Extrait :

Robbe-Grillet-La Jalousie (2)A… est assise à table, la petite table à écrire qui se trouve contre la cloison de droite, celle du couloir. Elle se penche en avant sur quelque travail minutieux et long : remaillage d’un bas très fin, polissage des ongles, dessin au crayon d’une taille réduite. Mais A… ne dessine jamais ; pour reprendre une maille filée, elle se serait placée plus près du jour ; si elle avait eu besoin d’une table pour se faire les ongles, elle n’aurait pas choisi cette table-là.

Malgré l’apparente immobilité de la tête et des épaules, des vibrations saccadées agitent la masse noire de ses cheveux.
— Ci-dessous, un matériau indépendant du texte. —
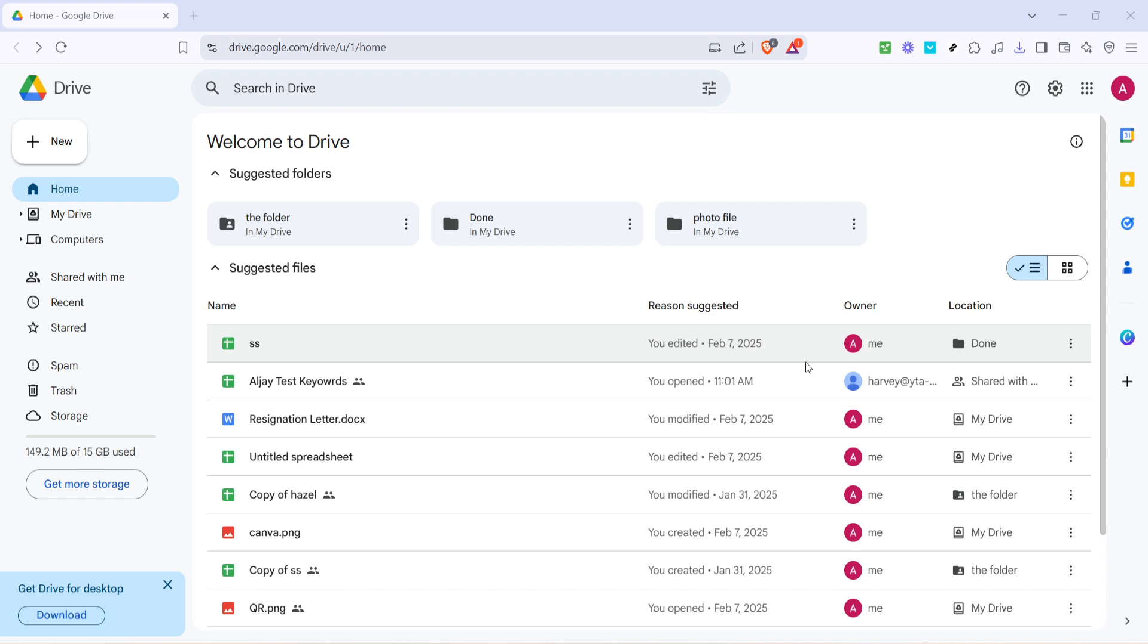First, open your web browser and head over to Google Drive. This is your starting point and you'll want to make sure you're logged in with the correct Google account where your video file is stored.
De temps en temps elle redresse le buste et semble prendre du recul pour mieux juger de son ouvrage. D’un geste lent, elle rejette en arrière une mèche, plus courte, qui s’est détachée de cette coiffure trop mouvante, et la gêne. La main s’attarde à remettre en ordre les ondulations, où les doigts effilés se plient et se déplient, l’un après l’autre, avec rapidité quoique sans brusquerie, le mouvement se communiquant de l’un à l’autre d’une manière continue, comme s’ils étaient entraînés par le même mécanisme.

Penchée de nouveau, elle a maintenant repris sa tâche interrompue. La chevelure lustrée luit de reflets roux, dans le creux des boucles. De légers tremblements, vite amortis, la parcourent d’une épaule vers l’autre, sans qu’il soit possible de voir remuer, de la moindre pulsation, le reste du corps.
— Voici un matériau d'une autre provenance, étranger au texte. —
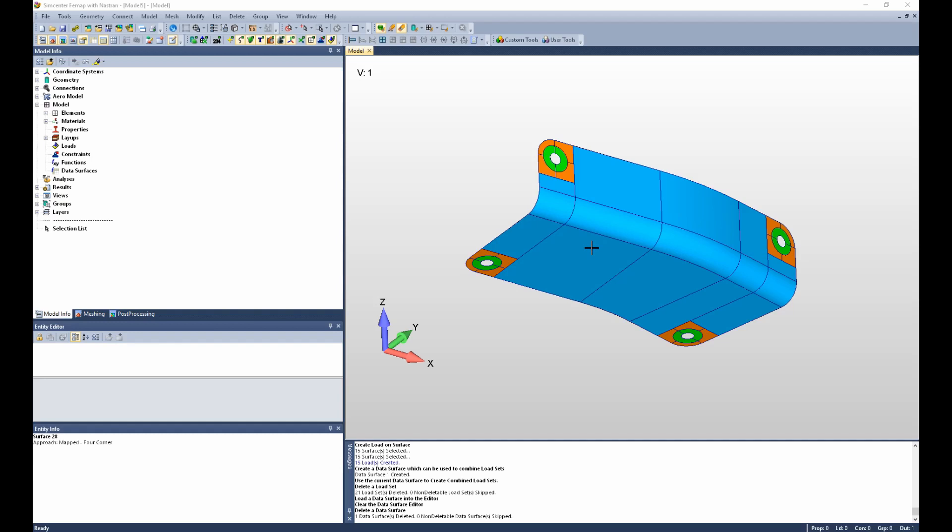In this video we will examine how to use the load set combination data surface to easily create many load sets or load set combinations. To do this we will first create five independent load cases and then combine them using the data surface and various scale factors.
Alain Robbe-Grillet, La Jalousie, 1957

Analyse :

Robbe-GrilletPour Robbe-Grillet, le personnage, tel qu’il le définit dans Pour un Nouveau Roman, « n’est plus qu’un support insaisissable, presque invisible ». Ce qui compte est le regard posé sur les choses ou sur les êtres : « il y a toujours le regard qui les voit, la pensée qui les revoit, la passion qui les déforme ».  C’est le cas dans notre extrait, où nous est livré un « portrait » d’A.

Le titre, La Jalousie, fonctionne par syllepse : il s’agit à la fois des persiennes à travers lesquelles le narrateur épie A et du sentiment éprouvé par ce narrateur qui, comme le personnage, n’existe que par ce regard et ce sentiment. Le narrateur n’est jamais mentionné dans le texte et il ne se nomme jamais. Le lecteur doit donc se contenter de suppositions et limiter sa propre perception des êtres et des choses à celle de ce regard et de cette pensée.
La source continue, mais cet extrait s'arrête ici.